The answer should hold only the lines from the one containing "Кракен наркоман" through the one containing "博洋72甜瓜玻璃脆甜瓜博洋六甜瓜种植产地量大诚信代收" in the entries below, copied exactly, without pictures.
#### Supplied records ####
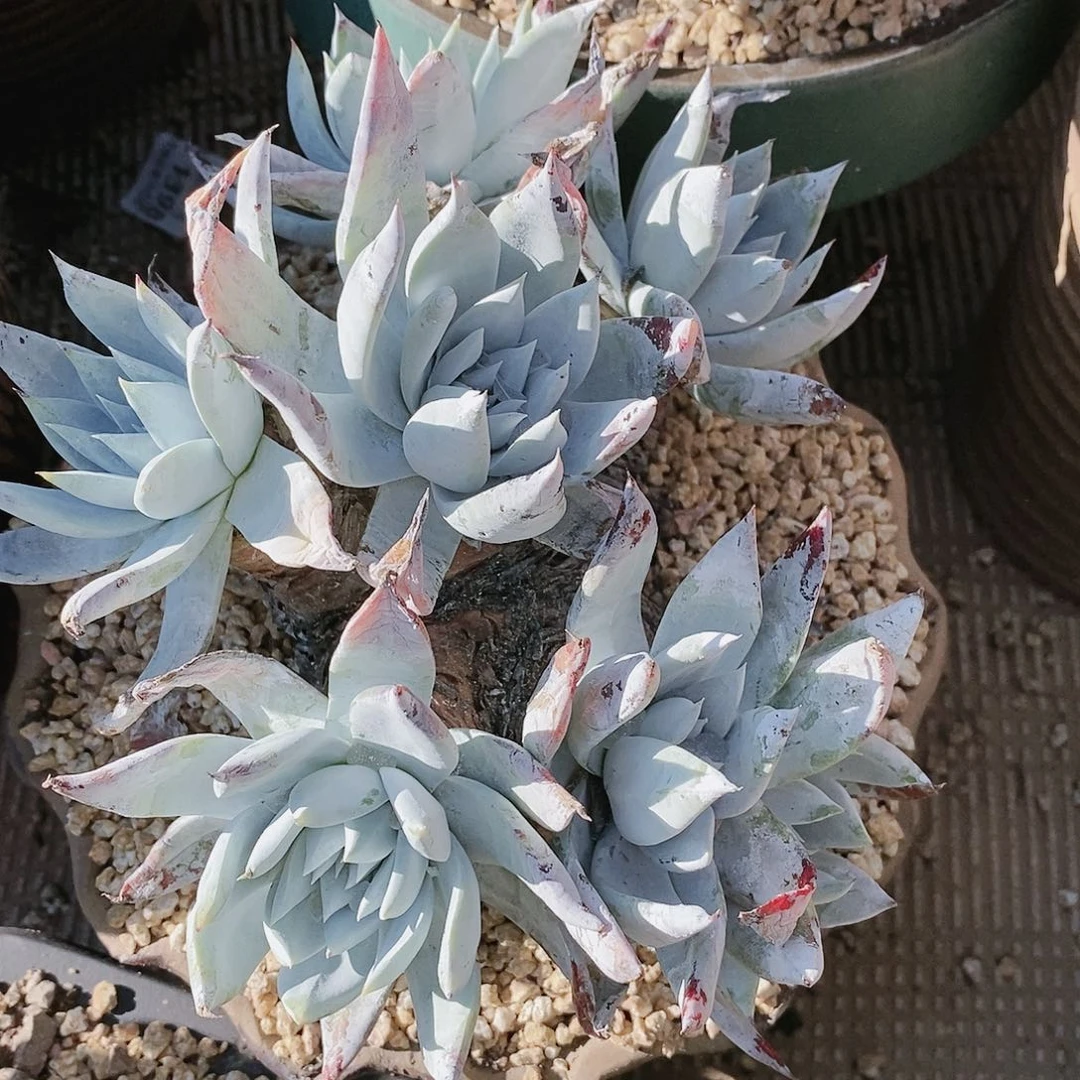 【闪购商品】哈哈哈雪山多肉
####
#### Supplied records ####
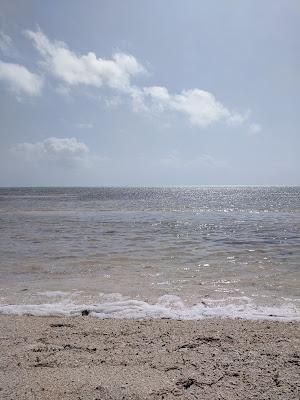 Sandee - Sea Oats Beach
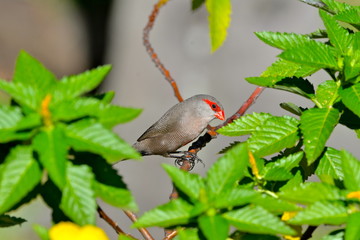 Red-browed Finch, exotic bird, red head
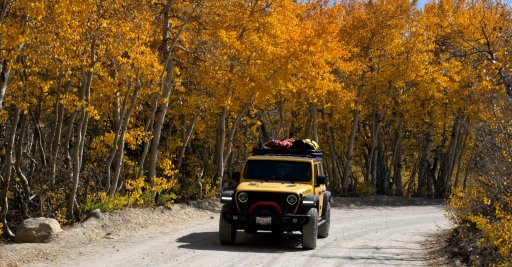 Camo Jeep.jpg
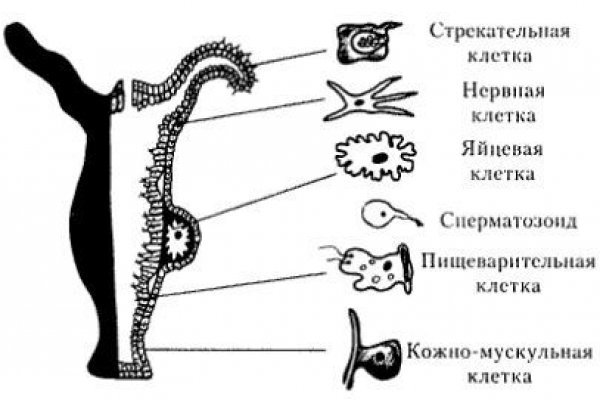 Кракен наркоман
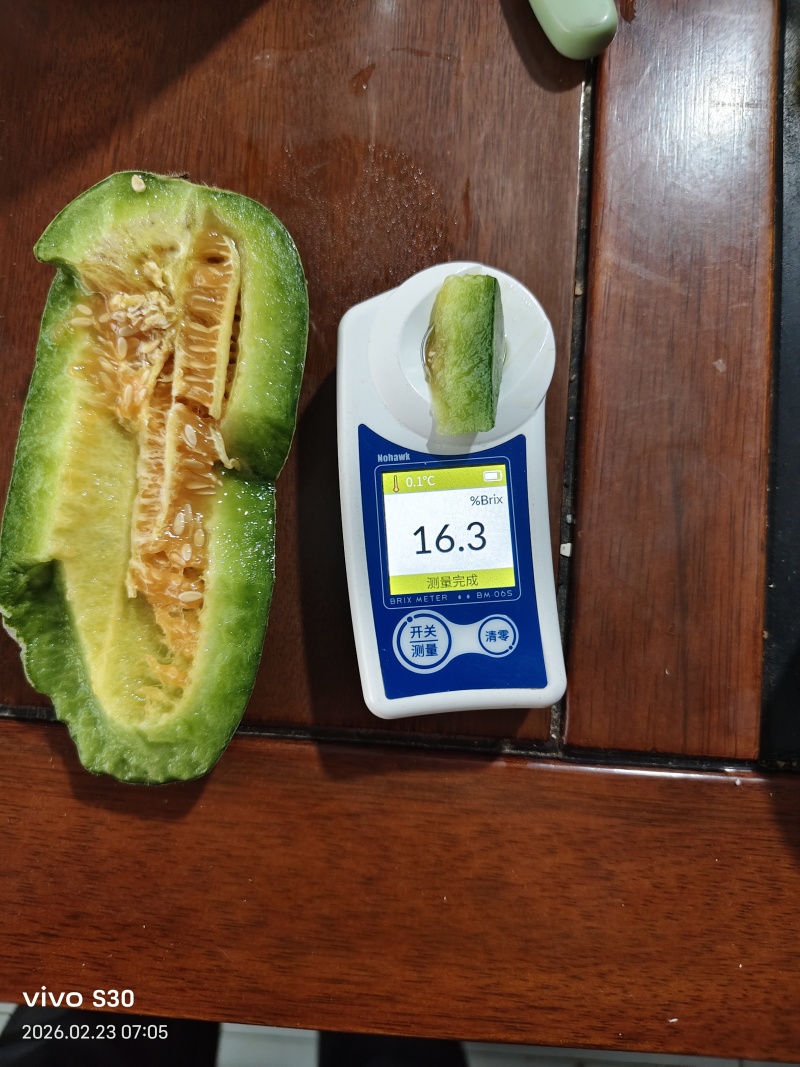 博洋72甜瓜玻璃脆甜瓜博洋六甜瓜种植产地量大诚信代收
####
#### Supplied records ####
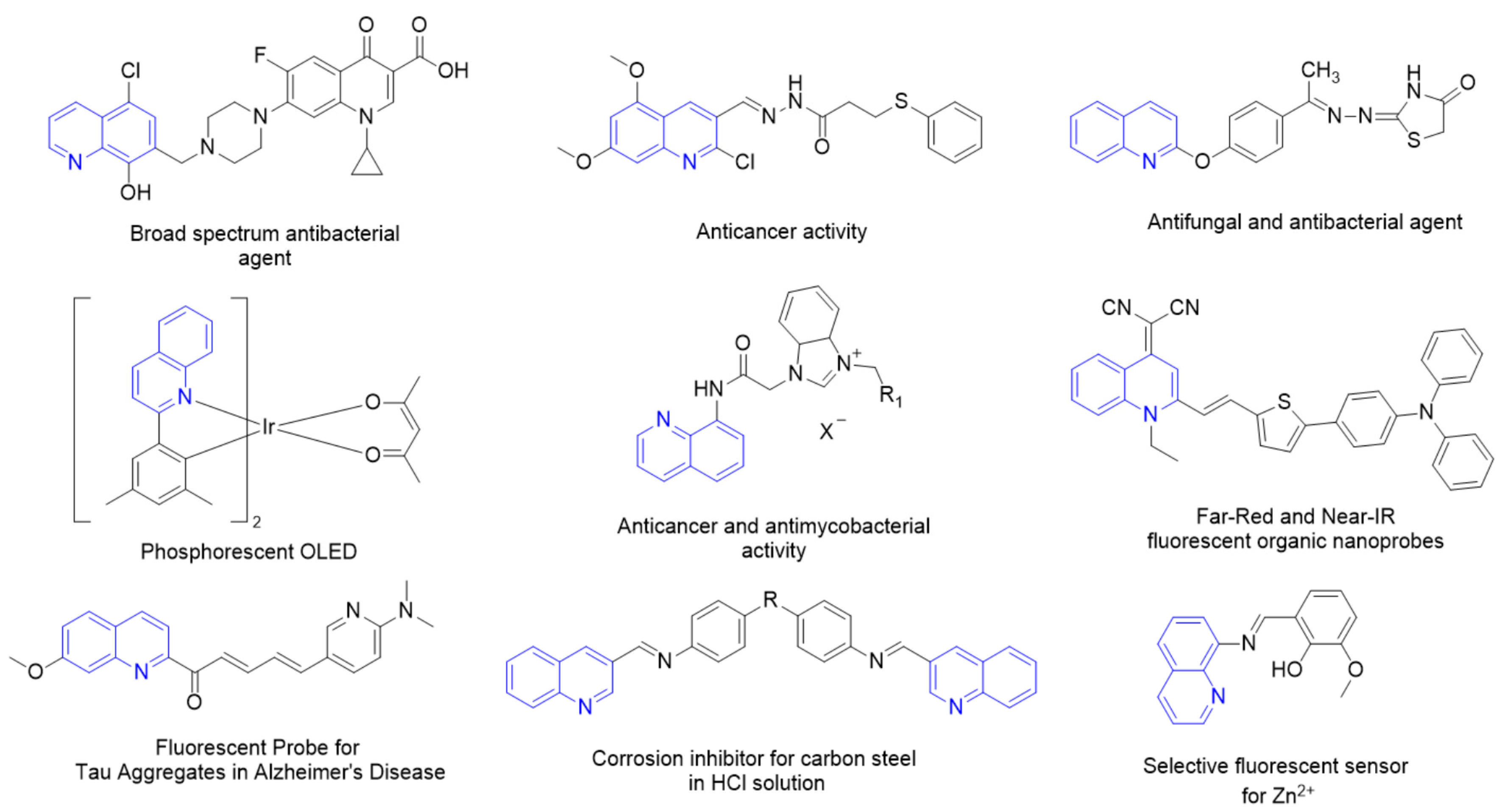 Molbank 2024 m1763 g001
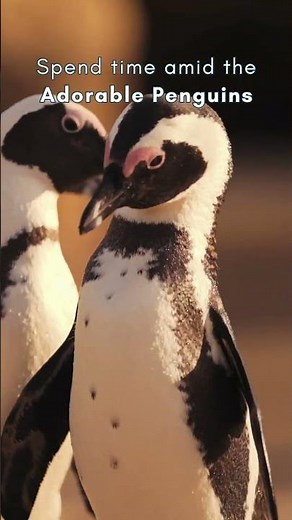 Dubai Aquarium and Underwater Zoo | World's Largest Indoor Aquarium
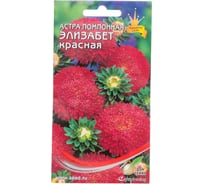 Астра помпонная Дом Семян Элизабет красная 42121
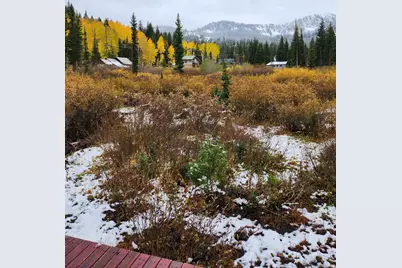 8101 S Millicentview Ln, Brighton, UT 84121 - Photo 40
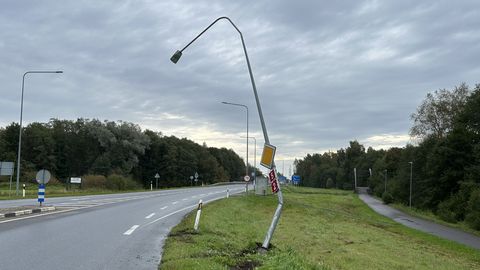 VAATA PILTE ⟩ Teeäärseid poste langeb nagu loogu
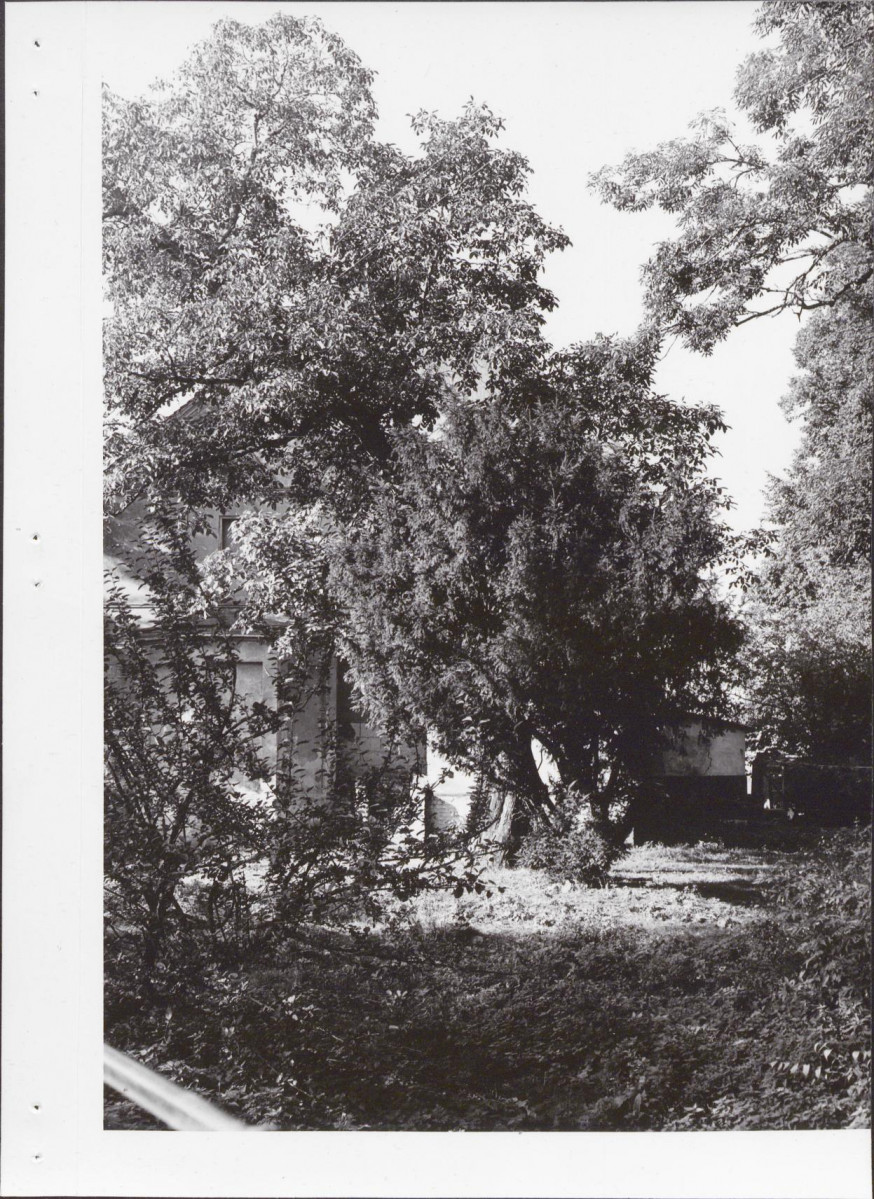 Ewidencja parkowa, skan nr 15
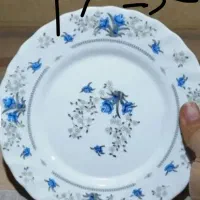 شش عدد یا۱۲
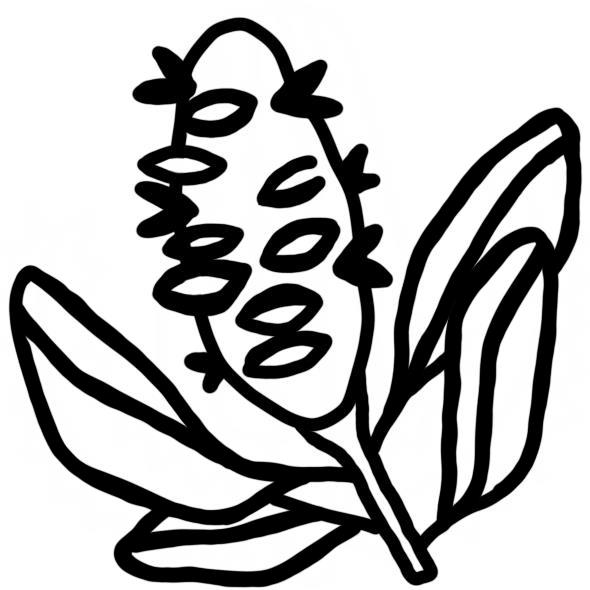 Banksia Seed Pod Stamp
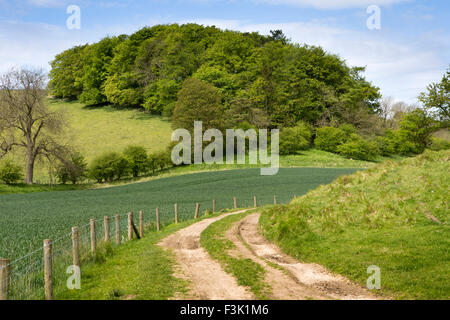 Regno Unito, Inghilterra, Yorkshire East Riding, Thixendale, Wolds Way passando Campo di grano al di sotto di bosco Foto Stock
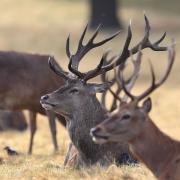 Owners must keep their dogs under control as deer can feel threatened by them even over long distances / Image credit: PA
####
*Your response:*
 Кракен наркоман
 博洋72甜瓜玻璃脆甜瓜博洋六甜瓜种植产地量大诚信代收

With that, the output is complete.